College News

Ag Instructor Vic Martin: How Annual Crops Cope With Weather

Great Bend Tribune
Published June 5, 2022

The drought monitor report as of Tuesday, May 31, indicated an improvement of conditions. The part of our area that was in extreme drought improved to severe and the severe drought improved to moderate drought. There wasn’t much improvement for the western third of the state. The rains from this past week aren’t reflected in this report. It will take well-above normal precipitation to improve things and prevent a worsening of drought conditions. The six to ten-day outlook (June 7 to 11) indicates a 40 to 60 chance of below normal temperatures and a 33 to 40% chance of above-normal precipitation. The eight to fourteen-day outlook (June 9 to 15) indicates a 33 to 50% chance of below-normal temperatures and near-normal precipitation. The temperatures and precipitation will help our spring-planted crops and should decrease evaporative loss due to heat. The forecast for the month of June is for equal chances of above or below normal temperatures with normal to slighty above-normal precipitation. 

The weather has certainly taken center stage not just around here but across the globe with extreme weather events. We hear much about the need to cope but what about plants. Although this concerns our common crop plants, it applies to many native plants as well.

  • Our primary agricultural crops here are annuals. They complete their life cycle in one growing season. They are further divided into winter annuals (wheat and canola) and summer annuals (corn, soybeans, etc.) and you can look at them as cool and warm-season plants.
  • Our crop plants don’t understand they are here for us. Their goal in life, the goal of all life, is to produce more life. For plants that are seed production. They will do everything they can to produce as much seed as possible under given conditions to perpetuate the species.

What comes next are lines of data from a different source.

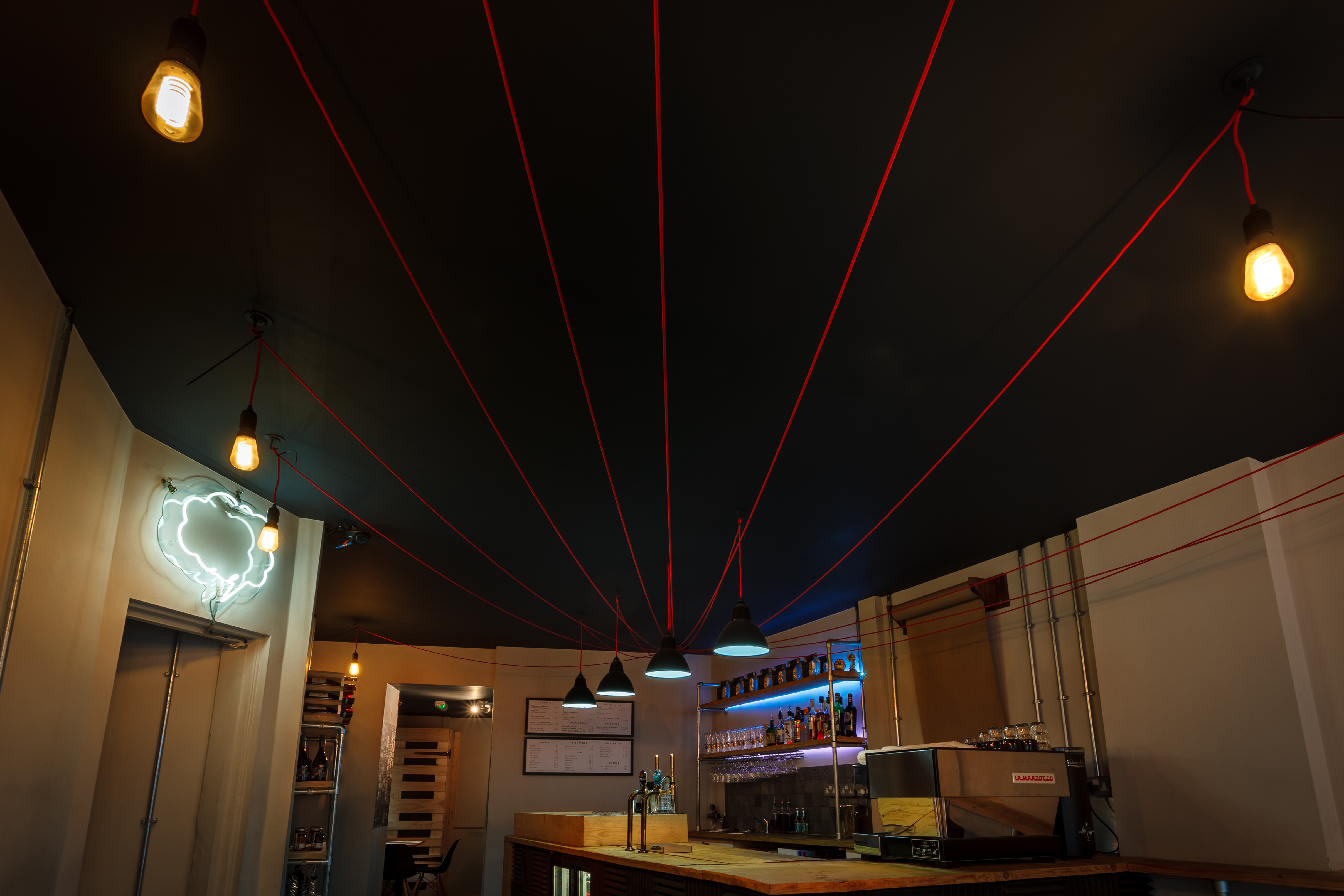 Modern event space with industrial design, ideal for casual meetings and networking.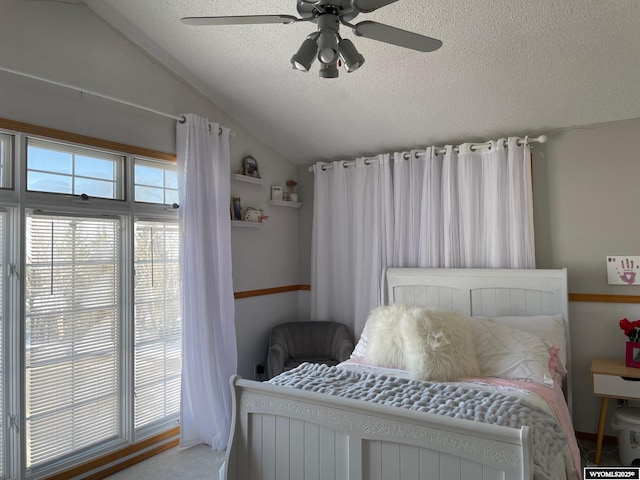 bedroom with a ceiling fan, multiple windows, vaulted ceiling, and a textured ceiling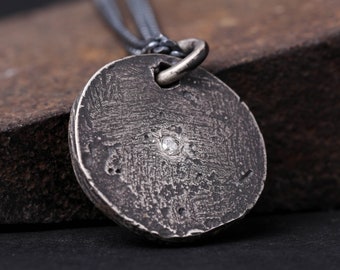 May include: A silver pendant necklace with a round, textured disc featuring a small, clear gemstone in the centre. The necklace is on a black chain.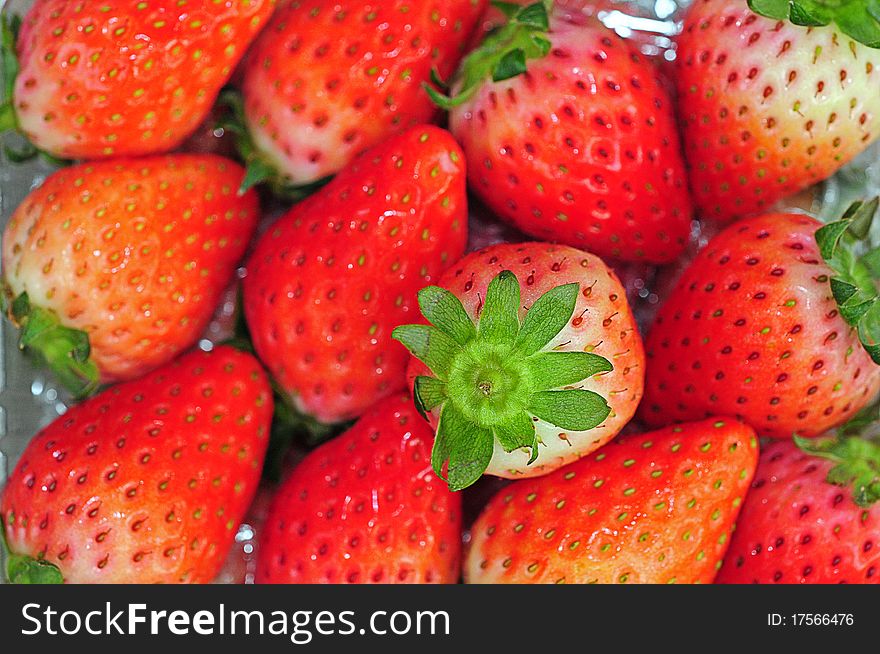 Closeup Of Fresh Strawberries Forming a Background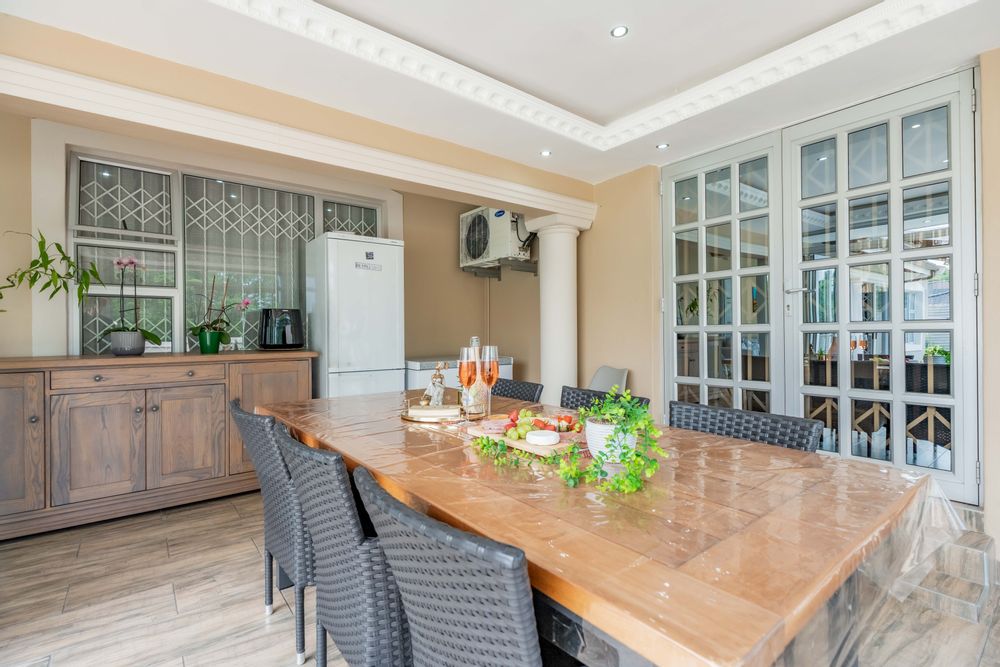 Lovely entertainment room with stackable doors opening to outside pool area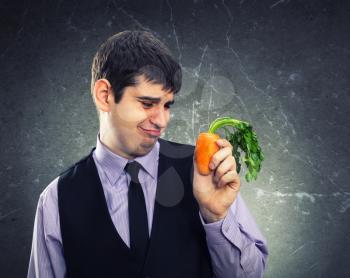 Small carrot in hand of a dissapointed man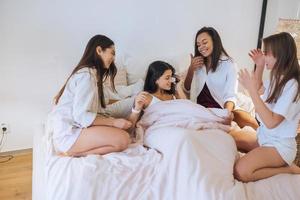 Positive young girls women friends indoors on bed at the hen party at home. photo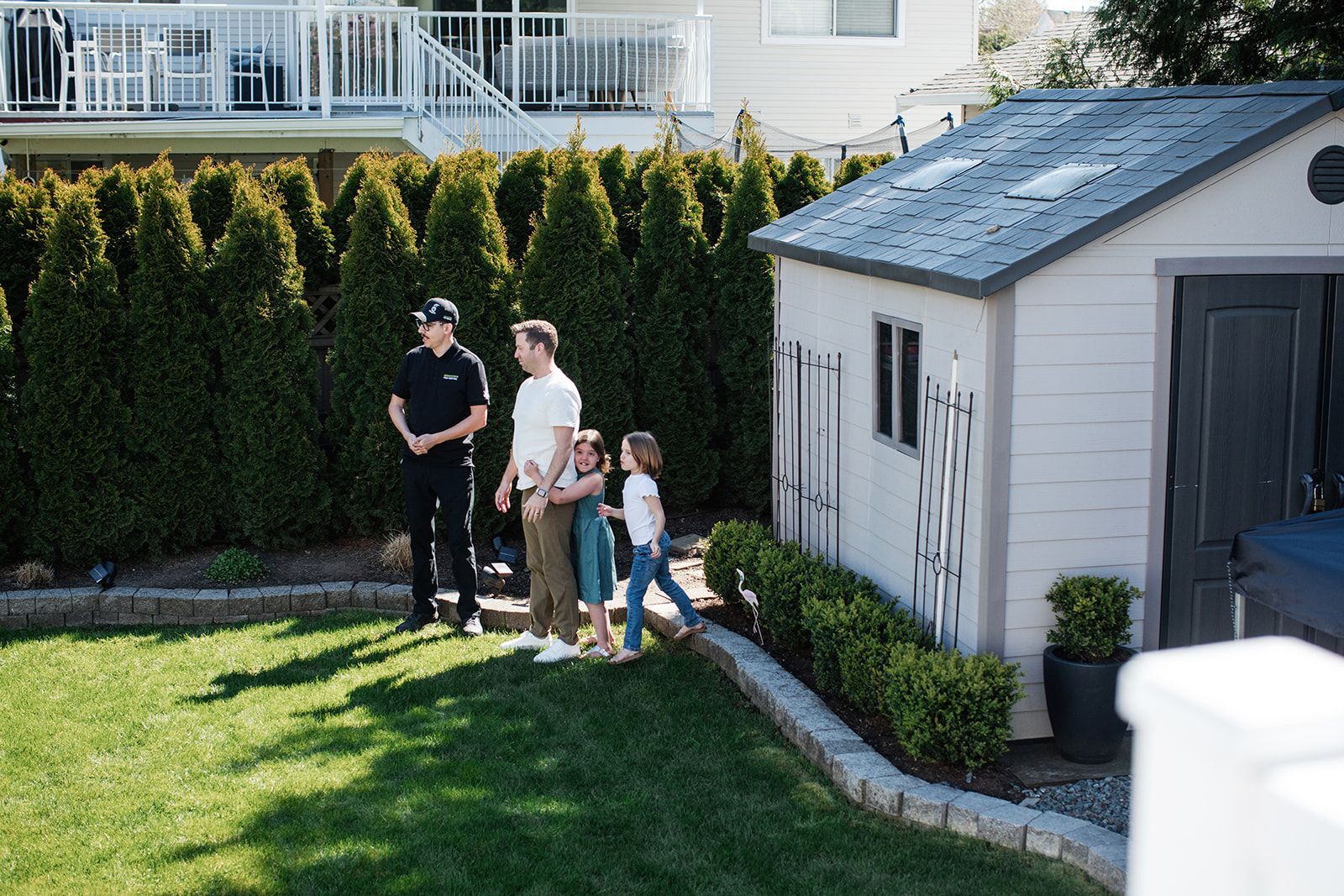 Three people and a child standing on a lawn beside a white garage and hedge-lined yard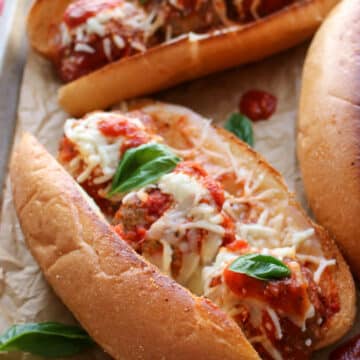 meatballs subs on a baking pan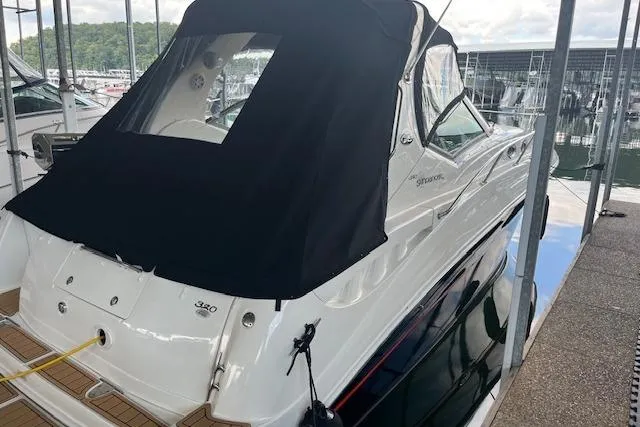 Slide: The Image of 2005 Sea Ray 320 Sundancer boat docked with black canvas cover. - 7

Since they can move, how do they do their best to produce seed?
  • Plants respond to three weather/climate factors – temperature, sunlight, and moisture. How they respond depends on the type of plant.
  • Temperature – to germinate, summer annuals need a minimum soil temperature which varies by the species. Winter annuals germinating in the late summer/early fall don’t face this challenge. Second, within limits, plants grow faster the warmer the temperature. Their growth stage, especially for corn and grain sorghum, is tied to the accumulation of heat. Other crops are less sensitive but are still heat-dependent. Winter wheat won’t flower until exposed to a period of cold to prevent flowering too early.
  • Sunlight – flowering is also strongly dependent on day length. Winter wheat not only needs cold but increasing daylength to key changes to permit flowering so it won’t flower too early as does winter canola. A crop like soybeans planted here, not in the southern U.S. is keyed to flower through decreasing daylength, as nights become longer. This permits them to produce viable seed before the danger of a frost. The level of sensitivity depends on the crop variety/hybrid and its area of origin (i.e. temperate vs. more tropical climates.
  • Finally, moisture – plants in order to produce some seed can do a variety of things including aborting seeds and/or flowers.

Naturally, there is much more but hopefully, this provides an idea.